En Lago Palabra leíamos, pero, sobre todo, soñábamos. Soñábamos con palabras que deshacían guerras, con textos que erradicaban la insensibilidad humana, con bailes de vocablos que extasiaban los sentidos de la humanidad. Soñábamos que los libros unían a la raza humana, que un ejército de relatos conseguía vencer al detestable cacique de la realidad, que un puñado de versos barría todo el dolor y se lo llevaba muy lejos. En Lago Palabra buceábamos por las aguas de la utopía sumergida.
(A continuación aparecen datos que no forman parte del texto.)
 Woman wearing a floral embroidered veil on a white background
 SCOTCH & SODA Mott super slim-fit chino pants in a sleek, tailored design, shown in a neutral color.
También era el lugar donde oficiábamos, simbólicamente y con especial cariño, los funerales de nuestros personajes favoritos que morían. Catherine Earnshaw fue la primera de una larga lista. El rito fúnebre para un personaje se realizaba de la siguiente manera:
1) Escribir el nombre completo del personaje en un trozo de papel en blanco recortado del libro al que pertenece el personaje. (Esto no lo considerábamos un desacato al sexto mandamiento, pues se hacía para honrar a la Diosa y al personaje en cuestión).
2) Inventar una frase para dedicarle al alma del personaje. Escribirla en el mismo papel donde hayamos anotado el nombre del personaje.
3) Escoger un objeto personal que hayamos llevado puesto o guardado en algún bolsillo o bolso mientras leíamos la novela a la que pertenece el personaje.
Una vez realizados los puntos anteriores procedíamos a leer en voz alta las frases que hubiéramos escrito. Después introducíamos los papeles y los objetos en una caja, la cual representaba la tumba del personaje. La ceremonia terminaba con el enterramiento de la caja, seguida del recitar de nuestra “Oración”.
Por ejemplo, en la tumba de Fortunata, de Fortunata y Jacinta, pusimos una pulsera de conchas, un pañuelo, un pendiente con forma de pluma estilográfica, una piedra malaquita y cuatro trozos de papel en los que se leían las siguientes frases:
Fortunata Izquierdo de Rubín:
“Que allá donde te encuentres no halles circunstancias”. “En tu próxima vida cuídate de las cruces santas”. “Duerme el sueño eterno, dulce alma, duerme”. “Te quiero, niña de mi alma, dale un tierno beso a Feijoo”.

Hubo libros, como Fortunata y Jacinta, que pasaron de ser el “común” ejemplar de cada día a ser vida vivida y llorada muerte.

Nuestro ejemplar de cada día... ¡cuánto te extraño, amigo!